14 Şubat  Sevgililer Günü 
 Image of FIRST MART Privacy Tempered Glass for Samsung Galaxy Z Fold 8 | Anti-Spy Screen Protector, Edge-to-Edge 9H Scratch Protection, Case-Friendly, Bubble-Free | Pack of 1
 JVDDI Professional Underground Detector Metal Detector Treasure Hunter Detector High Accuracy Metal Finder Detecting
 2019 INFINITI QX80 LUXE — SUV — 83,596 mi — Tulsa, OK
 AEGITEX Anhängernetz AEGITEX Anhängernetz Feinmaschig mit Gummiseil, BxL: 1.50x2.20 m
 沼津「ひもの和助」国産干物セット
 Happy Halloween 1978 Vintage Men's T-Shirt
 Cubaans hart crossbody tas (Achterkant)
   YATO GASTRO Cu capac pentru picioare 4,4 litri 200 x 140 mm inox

:::::

> **DESCRIPTION OF THE TASK**
Copy out the line holding "Cubaans hart crossbody tas (Achterkant)" along with all lines after it through the end of the entries, exactly and only these.

> **WRITTEN RESPONSE**
 Cubaans hart crossbody tas (Achterkant)
   YATO GASTRO Cu capac pentru picioare 4,4 litri 200 x 140 mm inox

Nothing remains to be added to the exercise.